### Work item
Where does the string "Beach" occur in the records? Copy each line that holds it.

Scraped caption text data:
■ ■ ■ ■ ■ ■ ■

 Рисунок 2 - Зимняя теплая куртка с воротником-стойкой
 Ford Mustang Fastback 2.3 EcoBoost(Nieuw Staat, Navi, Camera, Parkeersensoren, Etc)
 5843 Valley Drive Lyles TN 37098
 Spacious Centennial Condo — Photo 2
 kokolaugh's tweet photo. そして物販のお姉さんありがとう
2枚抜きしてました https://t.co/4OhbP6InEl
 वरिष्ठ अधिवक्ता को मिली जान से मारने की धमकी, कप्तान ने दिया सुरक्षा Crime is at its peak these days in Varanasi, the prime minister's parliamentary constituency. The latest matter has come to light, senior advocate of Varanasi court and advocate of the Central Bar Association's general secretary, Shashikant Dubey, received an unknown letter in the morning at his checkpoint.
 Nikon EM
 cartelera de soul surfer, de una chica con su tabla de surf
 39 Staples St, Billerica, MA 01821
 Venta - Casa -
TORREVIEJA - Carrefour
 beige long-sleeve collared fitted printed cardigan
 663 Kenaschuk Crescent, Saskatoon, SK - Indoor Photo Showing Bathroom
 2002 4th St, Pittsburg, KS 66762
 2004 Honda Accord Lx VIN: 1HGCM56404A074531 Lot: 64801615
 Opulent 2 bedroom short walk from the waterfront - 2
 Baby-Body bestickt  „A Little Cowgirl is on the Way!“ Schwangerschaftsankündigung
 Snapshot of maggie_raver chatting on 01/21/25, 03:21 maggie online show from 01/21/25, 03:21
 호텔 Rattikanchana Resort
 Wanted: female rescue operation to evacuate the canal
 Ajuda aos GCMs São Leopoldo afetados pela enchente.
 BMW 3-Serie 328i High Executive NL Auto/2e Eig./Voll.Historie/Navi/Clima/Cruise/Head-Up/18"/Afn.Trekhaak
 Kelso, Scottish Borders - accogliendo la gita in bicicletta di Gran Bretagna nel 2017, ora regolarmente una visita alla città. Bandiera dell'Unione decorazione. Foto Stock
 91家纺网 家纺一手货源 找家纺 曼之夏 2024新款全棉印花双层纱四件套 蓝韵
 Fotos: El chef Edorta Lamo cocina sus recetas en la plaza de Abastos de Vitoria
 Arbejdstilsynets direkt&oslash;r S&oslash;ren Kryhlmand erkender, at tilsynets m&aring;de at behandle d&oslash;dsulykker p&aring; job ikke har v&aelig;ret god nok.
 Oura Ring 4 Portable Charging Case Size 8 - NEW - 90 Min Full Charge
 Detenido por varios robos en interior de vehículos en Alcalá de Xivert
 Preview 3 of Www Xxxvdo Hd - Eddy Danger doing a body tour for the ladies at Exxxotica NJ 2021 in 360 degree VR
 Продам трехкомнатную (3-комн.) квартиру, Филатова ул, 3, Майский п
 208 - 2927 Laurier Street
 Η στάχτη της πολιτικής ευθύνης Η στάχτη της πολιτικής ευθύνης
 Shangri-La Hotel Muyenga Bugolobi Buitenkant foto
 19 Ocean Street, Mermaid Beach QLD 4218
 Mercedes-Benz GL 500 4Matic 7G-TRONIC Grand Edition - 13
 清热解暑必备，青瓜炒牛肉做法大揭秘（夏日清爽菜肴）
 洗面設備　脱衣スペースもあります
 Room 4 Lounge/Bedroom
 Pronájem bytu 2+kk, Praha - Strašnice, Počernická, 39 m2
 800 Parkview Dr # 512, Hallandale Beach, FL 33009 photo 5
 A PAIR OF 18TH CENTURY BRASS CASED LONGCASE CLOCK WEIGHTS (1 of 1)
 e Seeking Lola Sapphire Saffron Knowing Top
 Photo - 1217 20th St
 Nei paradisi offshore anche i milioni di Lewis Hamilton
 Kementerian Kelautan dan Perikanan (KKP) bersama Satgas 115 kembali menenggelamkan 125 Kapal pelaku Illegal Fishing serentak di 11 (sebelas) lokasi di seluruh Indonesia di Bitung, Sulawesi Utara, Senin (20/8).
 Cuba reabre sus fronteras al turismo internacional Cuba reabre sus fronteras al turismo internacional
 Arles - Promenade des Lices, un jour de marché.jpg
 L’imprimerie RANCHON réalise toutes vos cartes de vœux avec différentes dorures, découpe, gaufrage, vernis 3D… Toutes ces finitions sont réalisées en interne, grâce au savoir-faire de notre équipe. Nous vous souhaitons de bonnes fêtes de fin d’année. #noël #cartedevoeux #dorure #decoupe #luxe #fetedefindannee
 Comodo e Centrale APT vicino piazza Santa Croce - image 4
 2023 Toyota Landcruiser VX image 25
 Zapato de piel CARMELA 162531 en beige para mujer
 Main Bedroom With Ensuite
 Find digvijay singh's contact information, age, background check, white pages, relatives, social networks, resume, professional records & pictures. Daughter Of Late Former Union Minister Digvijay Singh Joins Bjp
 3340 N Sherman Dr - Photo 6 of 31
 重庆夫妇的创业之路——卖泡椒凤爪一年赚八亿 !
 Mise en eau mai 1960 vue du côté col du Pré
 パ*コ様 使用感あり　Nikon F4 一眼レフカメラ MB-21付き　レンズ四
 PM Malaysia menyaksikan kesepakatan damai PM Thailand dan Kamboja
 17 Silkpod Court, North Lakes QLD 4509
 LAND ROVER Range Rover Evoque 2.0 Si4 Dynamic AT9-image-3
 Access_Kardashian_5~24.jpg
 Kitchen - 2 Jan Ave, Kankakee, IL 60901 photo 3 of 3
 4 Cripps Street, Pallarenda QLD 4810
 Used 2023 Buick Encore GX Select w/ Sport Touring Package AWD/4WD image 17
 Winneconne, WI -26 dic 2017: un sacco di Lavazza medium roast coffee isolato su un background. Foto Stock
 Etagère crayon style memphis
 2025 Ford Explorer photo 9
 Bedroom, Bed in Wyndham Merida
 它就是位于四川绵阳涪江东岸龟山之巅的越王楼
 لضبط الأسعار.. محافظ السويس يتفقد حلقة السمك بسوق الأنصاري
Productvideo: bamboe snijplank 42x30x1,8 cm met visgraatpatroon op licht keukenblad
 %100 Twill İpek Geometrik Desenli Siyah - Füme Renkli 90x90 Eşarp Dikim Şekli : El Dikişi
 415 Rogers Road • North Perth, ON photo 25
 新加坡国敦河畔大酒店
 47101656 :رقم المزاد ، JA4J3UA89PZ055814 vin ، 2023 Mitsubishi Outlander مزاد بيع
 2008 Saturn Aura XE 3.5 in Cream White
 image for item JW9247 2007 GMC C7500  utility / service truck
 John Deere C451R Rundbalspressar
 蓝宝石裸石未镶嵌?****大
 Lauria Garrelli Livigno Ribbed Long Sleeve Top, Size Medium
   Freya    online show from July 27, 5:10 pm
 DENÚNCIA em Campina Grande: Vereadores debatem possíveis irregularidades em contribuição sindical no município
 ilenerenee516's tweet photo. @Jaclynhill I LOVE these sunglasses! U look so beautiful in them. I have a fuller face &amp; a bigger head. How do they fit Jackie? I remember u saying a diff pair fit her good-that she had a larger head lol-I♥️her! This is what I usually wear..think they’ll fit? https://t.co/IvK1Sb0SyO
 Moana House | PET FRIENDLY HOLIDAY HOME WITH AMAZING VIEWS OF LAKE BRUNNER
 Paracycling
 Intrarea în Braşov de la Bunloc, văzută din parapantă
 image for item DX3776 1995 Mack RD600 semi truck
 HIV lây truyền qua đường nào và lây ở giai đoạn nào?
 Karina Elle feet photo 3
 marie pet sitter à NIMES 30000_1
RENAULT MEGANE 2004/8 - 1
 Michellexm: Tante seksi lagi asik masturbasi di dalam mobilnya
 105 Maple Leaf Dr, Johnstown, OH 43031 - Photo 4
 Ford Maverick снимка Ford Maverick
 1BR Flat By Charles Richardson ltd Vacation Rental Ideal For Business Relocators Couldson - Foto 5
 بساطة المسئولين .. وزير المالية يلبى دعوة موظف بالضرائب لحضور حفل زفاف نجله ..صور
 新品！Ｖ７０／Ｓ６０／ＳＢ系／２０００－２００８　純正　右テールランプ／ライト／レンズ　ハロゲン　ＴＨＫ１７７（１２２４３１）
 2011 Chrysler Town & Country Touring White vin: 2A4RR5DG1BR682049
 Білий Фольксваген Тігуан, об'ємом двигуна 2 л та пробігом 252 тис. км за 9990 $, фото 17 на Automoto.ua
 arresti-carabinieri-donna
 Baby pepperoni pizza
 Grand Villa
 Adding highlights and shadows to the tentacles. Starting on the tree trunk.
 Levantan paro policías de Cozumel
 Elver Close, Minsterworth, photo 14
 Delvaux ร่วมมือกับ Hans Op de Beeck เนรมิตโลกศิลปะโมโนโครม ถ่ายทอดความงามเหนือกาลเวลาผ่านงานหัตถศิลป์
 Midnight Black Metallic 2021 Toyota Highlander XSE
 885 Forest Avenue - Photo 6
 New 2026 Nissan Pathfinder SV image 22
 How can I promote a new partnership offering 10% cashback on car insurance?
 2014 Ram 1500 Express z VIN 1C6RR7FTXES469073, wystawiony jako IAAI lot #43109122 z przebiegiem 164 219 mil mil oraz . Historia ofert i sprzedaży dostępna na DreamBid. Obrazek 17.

■ ■ ■ ■ ■ ■ ■

### Solution to this problem
 19 Ocean Street, Mermaid Beach QLD 4218
 800 Parkview Dr # 512, Hallandale Beach, FL 33009 photo 5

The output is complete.